What is needed: Give back all of the data exactly as written.
───── Available data ─────
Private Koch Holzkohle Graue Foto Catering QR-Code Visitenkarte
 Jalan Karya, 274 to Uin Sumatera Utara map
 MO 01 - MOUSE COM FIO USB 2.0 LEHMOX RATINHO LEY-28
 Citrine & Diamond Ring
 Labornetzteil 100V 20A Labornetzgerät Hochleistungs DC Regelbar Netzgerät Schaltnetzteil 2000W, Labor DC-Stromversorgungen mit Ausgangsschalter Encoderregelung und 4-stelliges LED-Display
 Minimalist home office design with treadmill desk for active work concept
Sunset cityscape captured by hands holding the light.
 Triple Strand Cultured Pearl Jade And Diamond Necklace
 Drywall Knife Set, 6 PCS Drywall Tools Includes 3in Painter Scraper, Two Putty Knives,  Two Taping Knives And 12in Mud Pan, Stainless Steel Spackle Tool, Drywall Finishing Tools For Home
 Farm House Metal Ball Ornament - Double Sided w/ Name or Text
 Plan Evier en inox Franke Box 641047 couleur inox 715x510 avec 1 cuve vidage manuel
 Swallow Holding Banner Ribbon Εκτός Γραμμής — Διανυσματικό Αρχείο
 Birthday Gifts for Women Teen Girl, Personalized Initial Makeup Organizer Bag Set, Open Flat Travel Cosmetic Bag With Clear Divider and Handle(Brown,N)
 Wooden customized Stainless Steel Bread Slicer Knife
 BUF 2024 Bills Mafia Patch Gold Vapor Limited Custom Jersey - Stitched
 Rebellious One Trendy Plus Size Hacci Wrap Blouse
─────
Exercise output:
Private Koch Holzkohle Graue Foto Catering QR-Code Visitenkarte
 Jalan Karya, 274 to Uin Sumatera Utara map
 MO 01 - MOUSE COM FIO USB 2.0 LEHMOX RATINHO LEY-28
 Citrine & Diamond Ring
 Labornetzteil 100V 20A Labornetzgerät Hochleistungs DC Regelbar Netzgerät Schaltnetzteil 2000W, Labor DC-Stromversorgungen mit Ausgangsschalter Encoderregelung und 4-stelliges LED-Display
 Minimalist home office design with treadmill desk for active work concept
Sunset cityscape captured by hands holding the light.
 Triple Strand Cultured Pearl Jade And Diamond Necklace
 Drywall Knife Set, 6 PCS Drywall Tools Includes 3in Painter Scraper, Two Putty Knives,  Two Taping Knives And 12in Mud Pan, Stainless Steel Spackle Tool, Drywall Finishing Tools For Home
 Farm House Metal Ball Ornament - Double Sided w/ Name or Text
 Plan Evier en inox Franke Box 641047 couleur inox 715x510 avec 1 cuve vidage manuel
 Swallow Holding Banner Ribbon Εκτός Γραμμής — Διανυσματικό Αρχείο
 Birthday Gifts for Women Teen Girl, Personalized Initial Makeup Organizer Bag Set, Open Flat Travel Cosmetic Bag With Clear Divider and Handle(Brown,N)
 Wooden customized Stainless Steel Bread Slicer Knife
 BUF 2024 Bills Mafia Patch Gold Vapor Limited Custom Jersey - Stitched
 Rebellious One Trendy Plus Size Hacci Wrap Blouse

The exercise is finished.